Exercise »
Transcribe, exactly and in full, every record shown below, while omitting its images.

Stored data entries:
*** Begin section ***

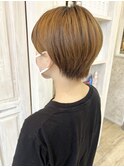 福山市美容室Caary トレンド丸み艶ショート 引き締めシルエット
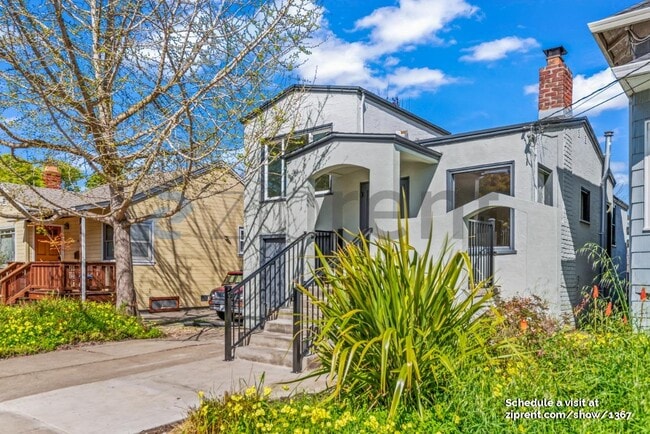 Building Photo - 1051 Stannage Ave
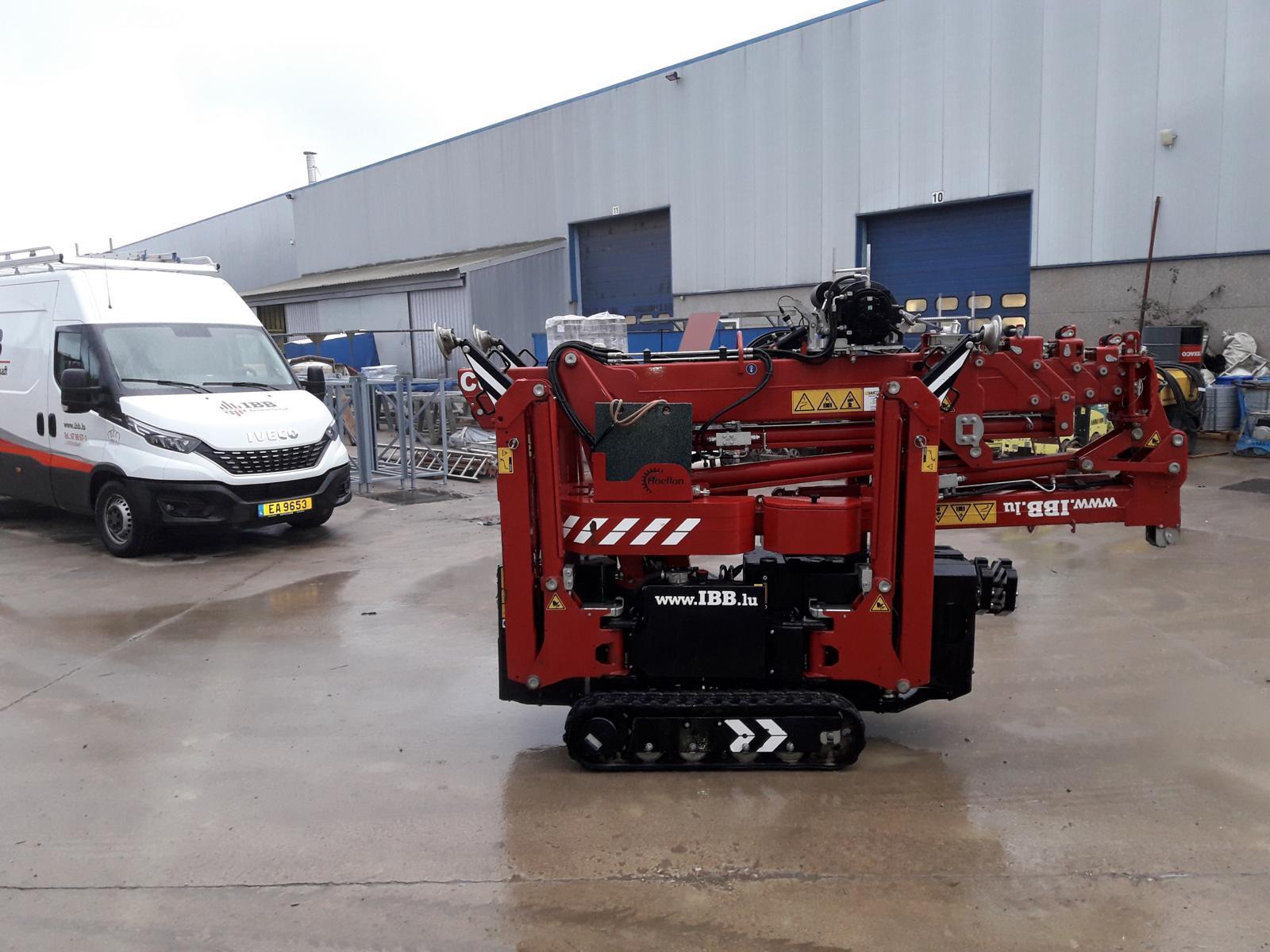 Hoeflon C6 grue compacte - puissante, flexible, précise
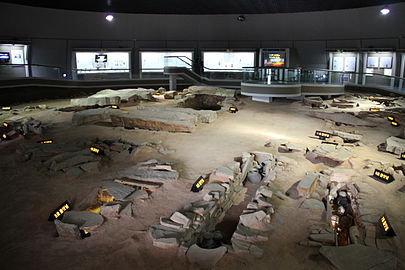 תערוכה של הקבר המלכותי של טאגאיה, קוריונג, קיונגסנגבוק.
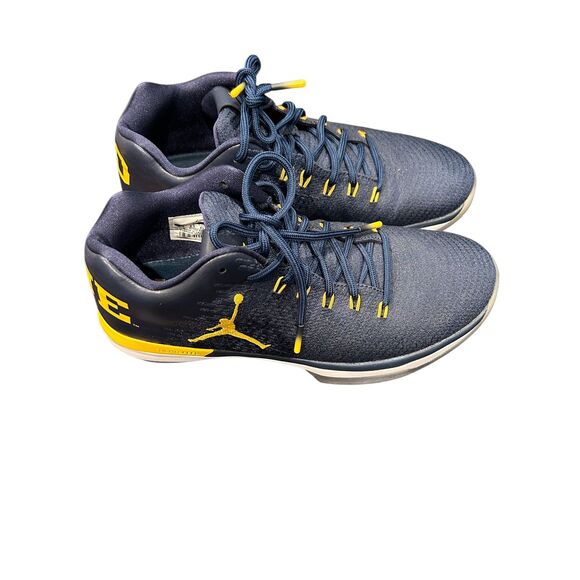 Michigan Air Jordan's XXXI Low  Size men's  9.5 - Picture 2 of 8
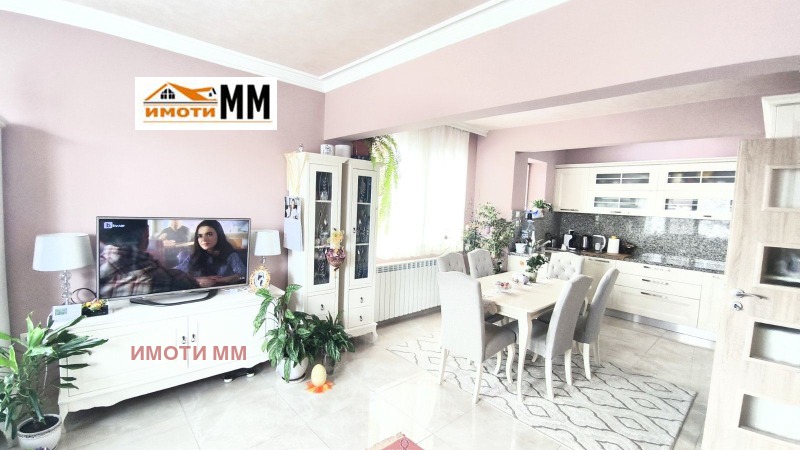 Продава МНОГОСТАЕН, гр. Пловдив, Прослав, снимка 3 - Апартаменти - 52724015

*** End section ***

Worked solution »
 福山市美容室Caary トレンド丸み艶ショート 引き締めシルエット
 Building Photo - 1051 Stannage Ave
 Hoeflon C6 grue compacte - puissante, flexible, précise
 תערוכה של הקבר המלכותי של טאגאיה, קוריונג, קיונגסנגבוק.
 Michigan Air Jordan's XXXI Low  Size men's  9.5 - Picture 2 of 8
 Продава МНОГОСТАЕН, гр. Пловдив, Прослав, снимка 3 - Апартаменти - 52724015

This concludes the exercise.